First remove leaves and twigs on the selected limb for 3-4 inches above and below the point where the air layer is to be made. The air layer is usually made 12-15 inches below the tip of the branch. The branch is wounded to induce rooting. The method of wounding woody plants such as magnolia, rose, and similar plants is to make two parallel cuts with a shape knife about 1-1/2 inches apart around the stem and through the bark and cambium layer. If the cambium layer is not removed, new bark will form instead of roots. Connect the two parallel cuts with one long cut and remove the ring of bark, leaving the inner woody tissue exposed. You may want to cover the cut nearest the tip with rooting hormone although this is seldom necessary.
Apply a handful of damp sphagnum moss so that it envelops the wounded portion of the stem. It may be necessary to wrap kitchen string around the moss to hold it in place. The sphagnum moss should be soaked several hours before using to ensure that it is thoroughly moist. Squeeze out the excess moisture, as it will result in decay of the plant tissue.
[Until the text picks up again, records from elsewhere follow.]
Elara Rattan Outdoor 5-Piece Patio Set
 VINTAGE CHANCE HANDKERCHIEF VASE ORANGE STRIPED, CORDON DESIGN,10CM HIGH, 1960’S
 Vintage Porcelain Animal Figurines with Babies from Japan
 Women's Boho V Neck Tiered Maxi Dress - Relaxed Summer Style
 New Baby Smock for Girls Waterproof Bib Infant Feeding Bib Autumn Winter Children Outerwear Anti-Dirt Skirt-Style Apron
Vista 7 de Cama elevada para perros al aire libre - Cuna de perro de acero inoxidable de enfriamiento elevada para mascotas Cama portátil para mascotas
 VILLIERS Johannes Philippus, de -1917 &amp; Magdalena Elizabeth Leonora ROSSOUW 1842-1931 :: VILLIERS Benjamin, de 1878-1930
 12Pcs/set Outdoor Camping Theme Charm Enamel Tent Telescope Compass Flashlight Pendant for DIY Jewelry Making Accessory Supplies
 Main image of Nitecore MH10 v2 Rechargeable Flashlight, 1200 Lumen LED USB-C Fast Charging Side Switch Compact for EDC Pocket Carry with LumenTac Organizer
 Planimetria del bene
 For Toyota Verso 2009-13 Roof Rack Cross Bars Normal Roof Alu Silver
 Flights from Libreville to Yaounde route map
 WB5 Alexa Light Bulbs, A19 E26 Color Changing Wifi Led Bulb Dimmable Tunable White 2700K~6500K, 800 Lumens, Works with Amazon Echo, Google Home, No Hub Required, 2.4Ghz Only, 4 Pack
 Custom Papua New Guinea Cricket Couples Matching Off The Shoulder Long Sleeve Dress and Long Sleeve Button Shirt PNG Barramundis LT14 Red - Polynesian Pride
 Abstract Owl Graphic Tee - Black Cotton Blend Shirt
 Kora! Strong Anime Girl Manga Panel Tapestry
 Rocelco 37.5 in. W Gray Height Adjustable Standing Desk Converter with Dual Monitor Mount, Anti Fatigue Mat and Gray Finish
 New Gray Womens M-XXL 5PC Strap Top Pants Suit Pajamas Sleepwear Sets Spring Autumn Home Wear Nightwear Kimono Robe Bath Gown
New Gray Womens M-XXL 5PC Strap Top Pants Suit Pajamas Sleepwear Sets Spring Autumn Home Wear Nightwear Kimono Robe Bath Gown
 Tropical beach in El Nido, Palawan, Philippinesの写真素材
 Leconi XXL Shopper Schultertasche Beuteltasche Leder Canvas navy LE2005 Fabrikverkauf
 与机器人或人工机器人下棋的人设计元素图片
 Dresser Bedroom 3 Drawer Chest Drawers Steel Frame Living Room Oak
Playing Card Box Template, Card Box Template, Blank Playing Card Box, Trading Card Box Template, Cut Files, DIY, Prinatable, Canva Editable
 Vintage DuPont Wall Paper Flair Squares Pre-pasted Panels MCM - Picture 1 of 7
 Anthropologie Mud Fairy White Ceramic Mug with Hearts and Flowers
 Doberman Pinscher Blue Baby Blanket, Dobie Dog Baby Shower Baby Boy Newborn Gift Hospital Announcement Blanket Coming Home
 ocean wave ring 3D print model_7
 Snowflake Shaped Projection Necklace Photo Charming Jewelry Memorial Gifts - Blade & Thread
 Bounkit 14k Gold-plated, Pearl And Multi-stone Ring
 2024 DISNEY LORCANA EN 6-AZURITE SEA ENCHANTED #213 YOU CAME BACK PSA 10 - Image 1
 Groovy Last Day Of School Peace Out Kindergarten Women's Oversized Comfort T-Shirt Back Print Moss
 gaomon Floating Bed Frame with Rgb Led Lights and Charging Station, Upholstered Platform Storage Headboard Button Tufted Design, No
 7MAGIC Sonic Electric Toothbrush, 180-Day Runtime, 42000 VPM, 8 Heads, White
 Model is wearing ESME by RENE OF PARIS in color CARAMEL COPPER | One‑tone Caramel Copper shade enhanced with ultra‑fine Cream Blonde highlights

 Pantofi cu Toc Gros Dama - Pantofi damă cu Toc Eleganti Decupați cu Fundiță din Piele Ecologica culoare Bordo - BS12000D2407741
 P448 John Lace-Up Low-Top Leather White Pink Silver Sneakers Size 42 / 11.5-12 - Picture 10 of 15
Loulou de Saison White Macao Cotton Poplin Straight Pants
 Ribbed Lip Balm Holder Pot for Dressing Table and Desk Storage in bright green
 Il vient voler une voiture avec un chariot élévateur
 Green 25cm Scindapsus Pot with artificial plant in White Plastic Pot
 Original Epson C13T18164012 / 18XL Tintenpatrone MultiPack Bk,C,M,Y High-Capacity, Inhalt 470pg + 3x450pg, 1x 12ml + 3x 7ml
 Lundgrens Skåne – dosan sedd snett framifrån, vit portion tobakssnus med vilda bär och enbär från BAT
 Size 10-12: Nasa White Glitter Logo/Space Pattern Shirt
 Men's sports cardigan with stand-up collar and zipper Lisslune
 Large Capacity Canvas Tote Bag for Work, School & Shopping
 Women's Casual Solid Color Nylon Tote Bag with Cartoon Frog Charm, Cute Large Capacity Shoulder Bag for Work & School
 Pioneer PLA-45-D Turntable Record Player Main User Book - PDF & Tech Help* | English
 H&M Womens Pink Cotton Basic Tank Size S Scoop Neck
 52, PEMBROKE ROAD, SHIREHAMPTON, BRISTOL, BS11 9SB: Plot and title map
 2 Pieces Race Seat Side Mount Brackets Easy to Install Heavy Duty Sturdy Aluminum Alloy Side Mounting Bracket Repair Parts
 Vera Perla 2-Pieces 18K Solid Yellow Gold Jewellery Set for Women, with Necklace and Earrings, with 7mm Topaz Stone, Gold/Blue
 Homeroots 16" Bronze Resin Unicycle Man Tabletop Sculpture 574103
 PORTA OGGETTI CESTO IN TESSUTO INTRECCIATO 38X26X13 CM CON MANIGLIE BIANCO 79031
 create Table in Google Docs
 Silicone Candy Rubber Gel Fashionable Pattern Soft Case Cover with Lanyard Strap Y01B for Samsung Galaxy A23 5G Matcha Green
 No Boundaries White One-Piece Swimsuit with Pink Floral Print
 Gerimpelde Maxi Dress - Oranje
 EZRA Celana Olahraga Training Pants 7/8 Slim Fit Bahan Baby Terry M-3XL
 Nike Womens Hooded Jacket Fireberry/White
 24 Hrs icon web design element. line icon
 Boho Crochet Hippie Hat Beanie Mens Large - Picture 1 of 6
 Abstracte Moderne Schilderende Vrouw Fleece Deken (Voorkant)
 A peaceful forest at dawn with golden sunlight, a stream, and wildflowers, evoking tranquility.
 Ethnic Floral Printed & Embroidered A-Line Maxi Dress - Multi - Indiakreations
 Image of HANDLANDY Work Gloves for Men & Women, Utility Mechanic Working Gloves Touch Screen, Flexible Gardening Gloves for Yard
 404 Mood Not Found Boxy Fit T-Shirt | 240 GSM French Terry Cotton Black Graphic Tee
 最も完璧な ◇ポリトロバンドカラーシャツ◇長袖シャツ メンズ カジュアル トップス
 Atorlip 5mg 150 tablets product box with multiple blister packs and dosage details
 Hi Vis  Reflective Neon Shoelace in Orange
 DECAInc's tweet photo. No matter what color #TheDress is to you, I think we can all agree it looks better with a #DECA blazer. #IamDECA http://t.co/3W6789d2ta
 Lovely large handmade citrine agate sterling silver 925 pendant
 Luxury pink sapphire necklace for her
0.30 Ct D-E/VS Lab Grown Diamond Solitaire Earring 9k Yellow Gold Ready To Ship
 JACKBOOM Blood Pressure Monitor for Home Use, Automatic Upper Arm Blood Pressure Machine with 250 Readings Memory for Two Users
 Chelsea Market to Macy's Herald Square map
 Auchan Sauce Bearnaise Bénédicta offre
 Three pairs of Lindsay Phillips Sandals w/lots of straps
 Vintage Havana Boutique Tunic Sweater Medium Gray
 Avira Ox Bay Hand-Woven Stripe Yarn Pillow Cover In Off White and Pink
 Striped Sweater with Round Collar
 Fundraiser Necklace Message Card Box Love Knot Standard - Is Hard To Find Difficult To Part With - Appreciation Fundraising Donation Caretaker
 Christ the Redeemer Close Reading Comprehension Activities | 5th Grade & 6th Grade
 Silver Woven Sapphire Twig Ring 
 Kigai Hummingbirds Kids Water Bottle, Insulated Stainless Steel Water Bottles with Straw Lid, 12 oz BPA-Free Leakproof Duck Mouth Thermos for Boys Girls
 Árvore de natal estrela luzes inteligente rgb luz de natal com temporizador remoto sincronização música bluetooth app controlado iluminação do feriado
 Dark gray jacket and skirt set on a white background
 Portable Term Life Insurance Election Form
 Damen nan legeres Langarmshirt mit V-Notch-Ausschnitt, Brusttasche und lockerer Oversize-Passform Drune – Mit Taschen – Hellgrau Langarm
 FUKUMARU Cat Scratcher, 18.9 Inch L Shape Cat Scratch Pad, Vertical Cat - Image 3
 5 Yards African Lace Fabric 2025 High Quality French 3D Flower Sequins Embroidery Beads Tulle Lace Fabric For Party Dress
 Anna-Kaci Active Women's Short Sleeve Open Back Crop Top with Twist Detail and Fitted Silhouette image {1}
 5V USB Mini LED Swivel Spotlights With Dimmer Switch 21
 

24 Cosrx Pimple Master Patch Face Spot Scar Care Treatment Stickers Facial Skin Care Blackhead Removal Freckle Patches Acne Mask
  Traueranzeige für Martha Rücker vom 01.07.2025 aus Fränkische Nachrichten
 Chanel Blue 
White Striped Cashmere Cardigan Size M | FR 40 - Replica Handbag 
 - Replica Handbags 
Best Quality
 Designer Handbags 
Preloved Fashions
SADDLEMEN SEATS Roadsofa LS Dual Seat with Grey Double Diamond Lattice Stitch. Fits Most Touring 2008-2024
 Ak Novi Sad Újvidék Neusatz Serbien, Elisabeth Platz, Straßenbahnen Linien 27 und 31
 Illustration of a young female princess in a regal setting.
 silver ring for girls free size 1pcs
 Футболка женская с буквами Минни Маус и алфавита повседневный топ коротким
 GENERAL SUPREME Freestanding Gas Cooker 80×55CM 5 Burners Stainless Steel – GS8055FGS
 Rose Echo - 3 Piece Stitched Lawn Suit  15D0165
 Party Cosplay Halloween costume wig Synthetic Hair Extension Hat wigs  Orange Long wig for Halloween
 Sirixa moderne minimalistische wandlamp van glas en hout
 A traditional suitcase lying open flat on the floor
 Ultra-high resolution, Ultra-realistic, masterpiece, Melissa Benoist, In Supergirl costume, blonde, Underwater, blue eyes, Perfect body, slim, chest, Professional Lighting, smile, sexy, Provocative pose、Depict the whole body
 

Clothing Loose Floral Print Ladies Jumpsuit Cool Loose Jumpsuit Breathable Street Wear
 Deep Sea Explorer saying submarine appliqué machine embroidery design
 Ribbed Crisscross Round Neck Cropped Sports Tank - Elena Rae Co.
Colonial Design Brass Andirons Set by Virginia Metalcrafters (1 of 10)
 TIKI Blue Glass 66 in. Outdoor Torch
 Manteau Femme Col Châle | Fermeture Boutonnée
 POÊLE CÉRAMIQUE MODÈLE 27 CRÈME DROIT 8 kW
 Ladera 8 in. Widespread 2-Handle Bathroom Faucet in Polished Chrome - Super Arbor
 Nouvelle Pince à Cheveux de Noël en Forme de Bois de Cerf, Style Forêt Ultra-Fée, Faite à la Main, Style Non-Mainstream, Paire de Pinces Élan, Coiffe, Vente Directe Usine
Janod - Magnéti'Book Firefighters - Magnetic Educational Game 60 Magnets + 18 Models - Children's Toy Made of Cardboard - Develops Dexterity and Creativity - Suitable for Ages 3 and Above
Use a sheet of polyethylene film (plastic wrap works well) about 6 inches by 12 inches to wrap around the ball of sphagnum moss. Be sure there is a good seal all around. Make sure the upper end of the film fits snugly around the stem and none of the moss is exposed. Fasten securely with twist ties but not so tight as to bite into the stem. This will allow you to open the plastic wrap to check for rooting without disturbing the new roots. You may use electrician tape instead of twist ties but take care that the tape extends beyond the film and adheres to the stem. Repeat the procedure on the lower end, making sure there is a snug fit. Moisture should not be allowed to escape from or leak into the wounded area. If necessary, support the plant with a stake or splint to prevent breakage at the wounded area. Wrap with aluminum foil large enough to completely cover the plastic wrap and extend up and down the branch a couple of inches in either direction. This will prevent heat buildup under the plastic. Crimp the foil for a good seal.
The rooting time will vary with each plant variety as well as the season in which it is performed. In 6 weeks to a year or so, you should have a new plant. If no roots are visible in the moss ball, carefully remove the plastic and moss to check the cut area. If the wound is still moist and has a swollen callus tissue at the top, then the roots should appear soon. Replace the packing with new moist moss, plastic, and aluminum foil. If the stem has healed over the wound, start again with a different shoot.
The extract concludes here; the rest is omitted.